Non-commercialRepo Lookout is a non-commercial project. We just want to make the web a safer place. You can support us on Ko-fi.
Illustration

Find publicly exposed source code repositories

Repo Lookout is a large-scale security scanner, with a single purpose: Finding source code repositories, that have been accidentally exposed to the public and reporting them to the domain’s technical contact.

Accidentally exposed source code repositories often contain highly sensitive information that can be used for downstream attacks, such as data leaks and extortion via ransomware. While the problem has been known and documented extensively for years,1 2 3 4 our findings show its continued prevalence.

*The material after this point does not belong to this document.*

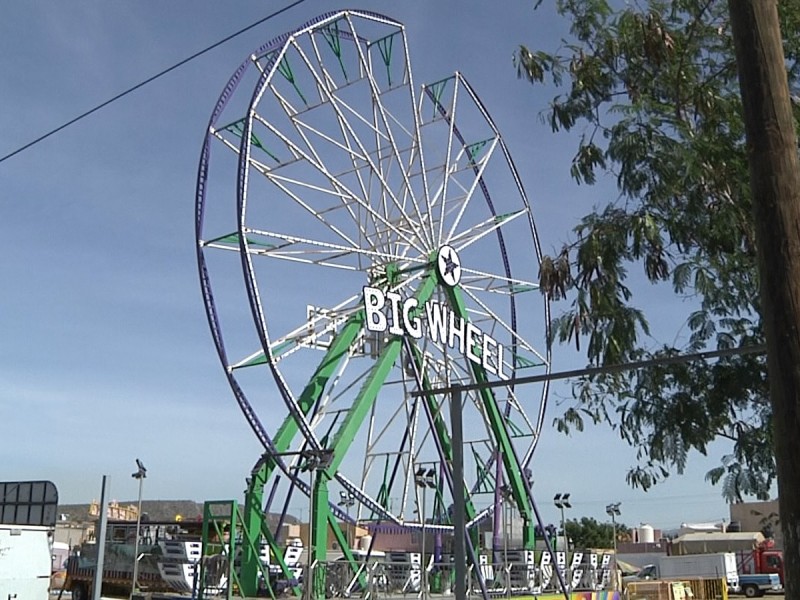 Desmantelan feria luego de accidente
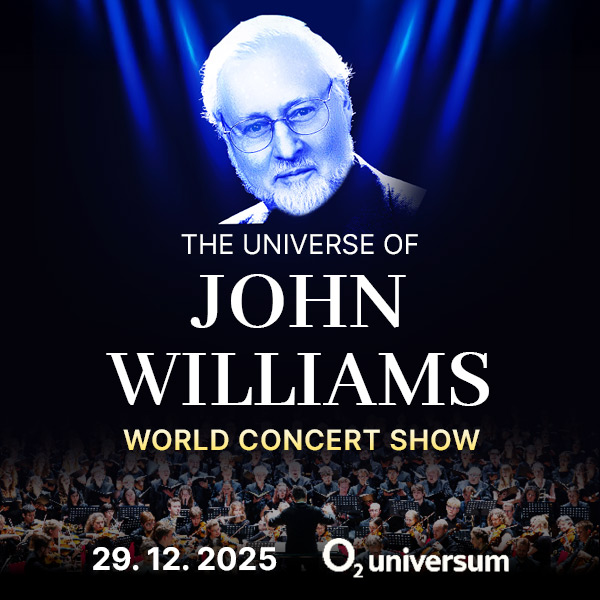 THE UNIVERSE OF JOHN WILLIAMS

Our goal is to combat this vulnerability by automatically detecting and reporting instances.

URL index

The URL index for the scanning process is obtained from the following two sources:

  • CommonCrawl builds and maintains an open repository of web crawl data.
  • Tranco List is a research-oriented top site ranking hardened against manipulation.

Statistics

Including our last security scan on December 9, 2022 we have checked 2,606,369,488 URLs on 338,444,533 domains.

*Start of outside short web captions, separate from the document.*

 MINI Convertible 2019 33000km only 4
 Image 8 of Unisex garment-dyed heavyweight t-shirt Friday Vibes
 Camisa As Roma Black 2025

A total of 459,632 publicly exposed source code repositories have been found so far.

Illustration

Frequently Asked Questions

How to prevent exposed repositories?

It’s recommend to configure the web server in such a way that it denies access to all “dot folders” (i.e. folders starting with a “.”).5 However, to prevent exposing Git respositories it is enough to deny access to “.git” folders.

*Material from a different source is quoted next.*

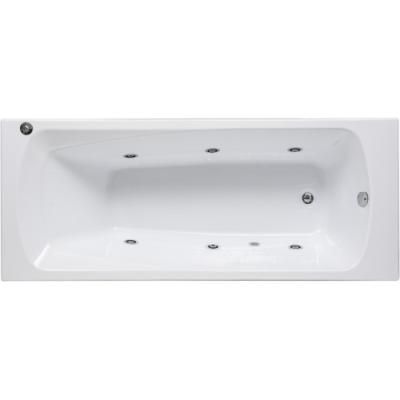 Акриловая ванна Aquanet Roma 00204027 160х70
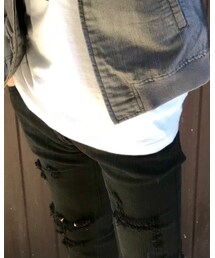 CavariA | デニムパンツ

How this is done exactly depends on the server software used, but here are some configuration examples for nginx, Apache, and Caddy.

How to opt-out of being scanned?

The security scanner was designed to be a good network citizen, i.e. requests are throttled and bandwidth usage is minimal. However, we do understand that not every website might welcome the scanning process.6

There are two ways to opt-out of the scanning process:

  1. Send us an opt-out email with the domain name, IP, IP range(s), or ASN. In case if IP range(s) or ASN we request log-entries caused by a previous scan as means of authentication.

  2. Reject all requests with an HTTP User-Agent prefix of “RepoLookoutBot”.

Illustration

Sponsoring

To support this project, consider becoming a sponsor on Ko-fi. All tips will be used for the crawling and email infrastructure.

Thanks!


  1. How unprotected .git repositories compromise website security (German, 2015)

  2. Source code disclosure via exposed .git folder (English, 2018)

  3. Open .git global scan (English, 2018)

  4. Finding exposed .git repositories (English, 2020)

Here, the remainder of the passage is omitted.